BEGIN

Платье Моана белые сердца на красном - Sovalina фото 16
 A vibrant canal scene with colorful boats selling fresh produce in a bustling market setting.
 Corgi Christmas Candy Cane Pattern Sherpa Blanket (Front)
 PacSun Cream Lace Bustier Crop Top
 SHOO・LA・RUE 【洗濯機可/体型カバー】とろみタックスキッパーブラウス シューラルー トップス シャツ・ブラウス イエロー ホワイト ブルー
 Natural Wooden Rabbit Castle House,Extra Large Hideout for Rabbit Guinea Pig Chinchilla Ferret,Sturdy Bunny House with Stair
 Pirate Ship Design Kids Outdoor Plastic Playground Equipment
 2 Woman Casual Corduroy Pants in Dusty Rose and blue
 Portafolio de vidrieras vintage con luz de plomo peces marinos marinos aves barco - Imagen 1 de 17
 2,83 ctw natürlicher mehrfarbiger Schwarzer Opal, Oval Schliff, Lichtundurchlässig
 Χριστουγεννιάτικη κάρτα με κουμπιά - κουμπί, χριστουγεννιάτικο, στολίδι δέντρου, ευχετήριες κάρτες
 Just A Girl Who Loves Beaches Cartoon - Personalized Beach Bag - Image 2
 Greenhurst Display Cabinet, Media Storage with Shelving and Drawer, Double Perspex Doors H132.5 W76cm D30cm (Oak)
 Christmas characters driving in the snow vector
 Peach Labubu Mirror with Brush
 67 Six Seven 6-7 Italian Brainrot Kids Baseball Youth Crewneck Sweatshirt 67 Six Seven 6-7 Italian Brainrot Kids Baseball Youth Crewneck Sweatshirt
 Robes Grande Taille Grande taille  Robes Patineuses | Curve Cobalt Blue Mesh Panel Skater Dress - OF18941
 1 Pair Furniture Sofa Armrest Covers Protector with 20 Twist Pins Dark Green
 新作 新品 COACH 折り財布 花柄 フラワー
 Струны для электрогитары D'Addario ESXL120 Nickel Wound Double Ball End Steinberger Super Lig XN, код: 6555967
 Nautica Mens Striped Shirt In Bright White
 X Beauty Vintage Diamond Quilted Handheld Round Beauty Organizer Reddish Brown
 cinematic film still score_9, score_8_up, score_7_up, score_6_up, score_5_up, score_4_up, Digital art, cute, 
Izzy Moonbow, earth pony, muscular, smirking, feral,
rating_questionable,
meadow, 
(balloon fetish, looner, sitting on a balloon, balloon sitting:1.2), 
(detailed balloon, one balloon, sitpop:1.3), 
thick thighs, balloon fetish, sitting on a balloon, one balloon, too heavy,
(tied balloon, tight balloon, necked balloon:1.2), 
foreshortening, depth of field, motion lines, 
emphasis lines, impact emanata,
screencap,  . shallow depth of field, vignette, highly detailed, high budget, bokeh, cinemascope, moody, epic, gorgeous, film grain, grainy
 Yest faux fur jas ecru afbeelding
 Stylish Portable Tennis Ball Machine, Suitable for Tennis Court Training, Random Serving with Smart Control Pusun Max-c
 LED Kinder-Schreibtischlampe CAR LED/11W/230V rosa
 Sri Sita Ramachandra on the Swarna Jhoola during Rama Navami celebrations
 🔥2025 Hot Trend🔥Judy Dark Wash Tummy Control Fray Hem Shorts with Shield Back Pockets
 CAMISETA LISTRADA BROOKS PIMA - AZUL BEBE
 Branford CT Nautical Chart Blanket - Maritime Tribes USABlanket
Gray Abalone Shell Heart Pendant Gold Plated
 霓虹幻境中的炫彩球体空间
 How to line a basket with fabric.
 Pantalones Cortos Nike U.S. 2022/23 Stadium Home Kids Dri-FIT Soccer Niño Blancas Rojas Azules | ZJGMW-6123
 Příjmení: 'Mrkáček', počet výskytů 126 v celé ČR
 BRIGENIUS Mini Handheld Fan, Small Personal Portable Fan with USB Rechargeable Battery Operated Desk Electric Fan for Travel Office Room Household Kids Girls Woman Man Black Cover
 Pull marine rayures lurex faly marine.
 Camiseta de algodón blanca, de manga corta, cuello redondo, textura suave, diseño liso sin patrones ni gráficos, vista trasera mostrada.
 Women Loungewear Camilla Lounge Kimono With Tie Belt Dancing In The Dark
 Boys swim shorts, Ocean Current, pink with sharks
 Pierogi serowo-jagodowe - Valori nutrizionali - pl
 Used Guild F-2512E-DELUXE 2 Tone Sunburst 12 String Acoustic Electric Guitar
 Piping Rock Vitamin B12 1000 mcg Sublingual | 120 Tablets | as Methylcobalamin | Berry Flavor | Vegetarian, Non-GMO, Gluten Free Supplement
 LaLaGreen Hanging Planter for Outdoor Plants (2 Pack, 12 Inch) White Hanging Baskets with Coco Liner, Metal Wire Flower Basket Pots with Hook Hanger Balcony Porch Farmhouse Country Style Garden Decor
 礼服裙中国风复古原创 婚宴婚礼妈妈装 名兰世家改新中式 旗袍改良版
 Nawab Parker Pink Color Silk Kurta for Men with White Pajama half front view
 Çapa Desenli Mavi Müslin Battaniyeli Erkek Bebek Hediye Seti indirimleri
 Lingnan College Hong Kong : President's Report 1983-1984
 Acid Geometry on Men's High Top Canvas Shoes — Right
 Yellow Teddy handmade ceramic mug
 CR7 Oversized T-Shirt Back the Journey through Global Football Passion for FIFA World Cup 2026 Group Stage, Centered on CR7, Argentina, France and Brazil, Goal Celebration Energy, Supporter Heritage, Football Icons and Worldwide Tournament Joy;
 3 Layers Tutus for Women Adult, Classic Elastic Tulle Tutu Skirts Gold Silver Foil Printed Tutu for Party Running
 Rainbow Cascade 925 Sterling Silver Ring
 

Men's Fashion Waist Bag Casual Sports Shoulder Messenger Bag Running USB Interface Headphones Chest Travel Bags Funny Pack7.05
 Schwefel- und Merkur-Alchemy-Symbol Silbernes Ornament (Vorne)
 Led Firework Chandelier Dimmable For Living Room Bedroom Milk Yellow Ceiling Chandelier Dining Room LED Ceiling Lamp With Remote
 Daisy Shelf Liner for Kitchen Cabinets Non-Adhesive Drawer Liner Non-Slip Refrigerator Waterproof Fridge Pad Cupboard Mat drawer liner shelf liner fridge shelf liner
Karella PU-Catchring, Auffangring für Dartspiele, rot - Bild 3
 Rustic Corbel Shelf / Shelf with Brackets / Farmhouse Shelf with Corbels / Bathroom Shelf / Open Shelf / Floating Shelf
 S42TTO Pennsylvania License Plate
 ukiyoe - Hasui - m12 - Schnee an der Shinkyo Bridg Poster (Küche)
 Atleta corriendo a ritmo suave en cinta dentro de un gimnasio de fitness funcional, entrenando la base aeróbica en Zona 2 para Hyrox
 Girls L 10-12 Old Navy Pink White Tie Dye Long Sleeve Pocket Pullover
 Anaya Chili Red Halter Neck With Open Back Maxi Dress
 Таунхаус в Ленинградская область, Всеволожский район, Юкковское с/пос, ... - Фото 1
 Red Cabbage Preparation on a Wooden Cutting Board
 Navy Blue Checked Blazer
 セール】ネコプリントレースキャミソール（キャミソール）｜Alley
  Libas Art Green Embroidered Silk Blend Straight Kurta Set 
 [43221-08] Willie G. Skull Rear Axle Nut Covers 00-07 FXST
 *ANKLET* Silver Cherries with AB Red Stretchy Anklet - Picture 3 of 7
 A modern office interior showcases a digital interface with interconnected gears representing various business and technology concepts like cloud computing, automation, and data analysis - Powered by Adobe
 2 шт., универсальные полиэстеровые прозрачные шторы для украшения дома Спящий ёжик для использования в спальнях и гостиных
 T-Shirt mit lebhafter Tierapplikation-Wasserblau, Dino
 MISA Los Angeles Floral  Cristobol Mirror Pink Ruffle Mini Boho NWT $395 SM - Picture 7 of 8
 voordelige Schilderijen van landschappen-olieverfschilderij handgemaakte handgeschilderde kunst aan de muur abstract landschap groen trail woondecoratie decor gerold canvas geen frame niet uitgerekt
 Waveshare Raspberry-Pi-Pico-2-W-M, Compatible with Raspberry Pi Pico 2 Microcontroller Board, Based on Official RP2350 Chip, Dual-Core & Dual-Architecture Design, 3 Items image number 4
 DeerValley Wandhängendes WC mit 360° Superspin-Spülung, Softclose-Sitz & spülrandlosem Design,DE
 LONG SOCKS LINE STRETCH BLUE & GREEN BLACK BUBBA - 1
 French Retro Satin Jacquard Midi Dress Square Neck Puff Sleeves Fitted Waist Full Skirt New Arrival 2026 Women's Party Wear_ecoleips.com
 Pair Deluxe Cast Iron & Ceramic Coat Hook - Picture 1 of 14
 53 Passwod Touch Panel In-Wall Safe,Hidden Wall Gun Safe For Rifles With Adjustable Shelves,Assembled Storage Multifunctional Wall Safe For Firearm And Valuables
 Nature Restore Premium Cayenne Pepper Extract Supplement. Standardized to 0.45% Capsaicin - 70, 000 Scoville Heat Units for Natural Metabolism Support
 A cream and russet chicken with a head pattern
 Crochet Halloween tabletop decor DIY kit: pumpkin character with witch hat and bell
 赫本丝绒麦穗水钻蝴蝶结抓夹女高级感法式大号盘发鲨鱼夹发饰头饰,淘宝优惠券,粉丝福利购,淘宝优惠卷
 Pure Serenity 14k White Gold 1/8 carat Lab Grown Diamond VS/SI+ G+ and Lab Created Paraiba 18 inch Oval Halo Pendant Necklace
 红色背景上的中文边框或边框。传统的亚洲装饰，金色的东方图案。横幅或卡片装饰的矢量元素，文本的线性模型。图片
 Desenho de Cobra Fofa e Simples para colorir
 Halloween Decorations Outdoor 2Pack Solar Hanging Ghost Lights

END

#### What to do
Keep both end lines and retype everything in the records above from the line containing "新作 新品 COACH 折り財布 花柄 フラワー" through the line containing "Pull marine rayures lurex faly marine.", exactly, with nothing else.

#### Response
 新作 新品 COACH 折り財布 花柄 フラワー
 Струны для электрогитары D'Addario ESXL120 Nickel Wound Double Ball End Steinberger Super Lig XN, код: 6555967
 Nautica Mens Striped Shirt In Bright White
 X Beauty Vintage Diamond Quilted Handheld Round Beauty Organizer Reddish Brown
 cinematic film still score_9, score_8_up, score_7_up, score_6_up, score_5_up, score_4_up, Digital art, cute, 
Izzy Moonbow, earth pony, muscular, smirking, feral,
rating_questionable,
meadow, 
(balloon fetish, looner, sitting on a balloon, balloon sitting:1.2), 
(detailed balloon, one balloon, sitpop:1.3), 
thick thighs, balloon fetish, sitting on a balloon, one balloon, too heavy,
(tied balloon, tight balloon, necked balloon:1.2), 
foreshortening, depth of field, motion lines, 
emphasis lines, impact emanata,
screencap,  . shallow depth of field, vignette, highly detailed, high budget, bokeh, cinemascope, moody, epic, gorgeous, film grain, grainy
 Yest faux fur jas ecru afbeelding
 Stylish Portable Tennis Ball Machine, Suitable for Tennis Court Training, Random Serving with Smart Control Pusun Max-c
 LED Kinder-Schreibtischlampe CAR LED/11W/230V rosa
 Sri Sita Ramachandra on the Swarna Jhoola during Rama Navami celebrations
 🔥2025 Hot Trend🔥Judy Dark Wash Tummy Control Fray Hem Shorts with Shield Back Pockets
 CAMISETA LISTRADA BROOKS PIMA - AZUL BEBE
 Branford CT Nautical Chart Blanket - Maritime Tribes USABlanket
Gray Abalone Shell Heart Pendant Gold Plated
 霓虹幻境中的炫彩球体空间
 How to line a basket with fabric.
 Pantalones Cortos Nike U.S. 2022/23 Stadium Home Kids Dri-FIT Soccer Niño Blancas Rojas Azules | ZJGMW-6123
 Příjmení: 'Mrkáček', počet výskytů 126 v celé ČR
 BRIGENIUS Mini Handheld Fan, Small Personal Portable Fan with USB Rechargeable Battery Operated Desk Electric Fan for Travel Office Room Household Kids Girls Woman Man Black Cover
 Pull marine rayures lurex faly marine.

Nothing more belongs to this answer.